Complementing Becher's comments about increased end user control, Apotex's director of consulting and testing services, John Mayer, said that while IT has traditionally held a data bottleneck given its mandate to control information, the business intelligence technology gave end users the power to build their own reports. "Really, it's about pushing that information out to end users," he said.
But the fact that IT had to relinquish control to end users was, according to Mayer, still "very positive" for the IT-end user relationship.
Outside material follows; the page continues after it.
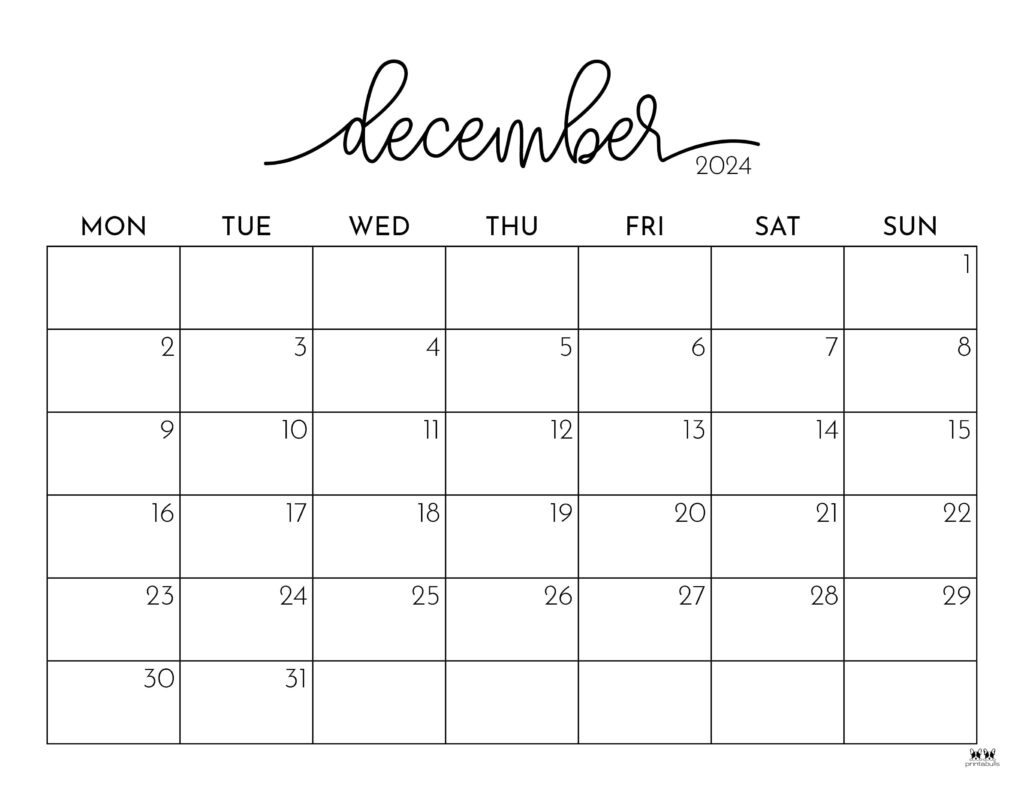 December 2024 Calendars - 50 Free Printables | Printabulls inside Coloring Pages Printable December 2024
Previously, IT had the burden of generating reports as per user requests, but now it's up to the end user, and furthermore, there's a good feedback loop in place to ensure data integrity.
Apotex chief information officer, Michael Davidson, said the setup is "bringing the end user into the whole problem of master data management."
In an interview with ComputerWorld Canada, Narina Sippy, senior vice-president and general manager of SAP's governance, risk and compliance group, discussed the role that risk management plays in aligning strategy with execution in any organization.
A business, for instance, will set key objectives around a strategy like target margins, determine the associated risk, set risk thresholds, and have controls within business processes in order to track the execution of those processes against policies and regulations.
However, "that strategy-execution loop is of no value if you don't trust the data that's feeding you," said Sippy. "Do you have data integrity around that to be able to make business changes based on those risk thresholds that you set?"
Businesses have an unnecessary aversion to the idea of risk management and compliance, said Sippy, but it's really about a framework to obtain checks and balances around business activities regardless of industry. But it should be a robust framework that can be applicable to all regulations, be it Sarbanes-Oxley or Food and Drug Administration "so you don't have to do it over and over."
The Business Objects Influencer Summit wrapped up Tuesday.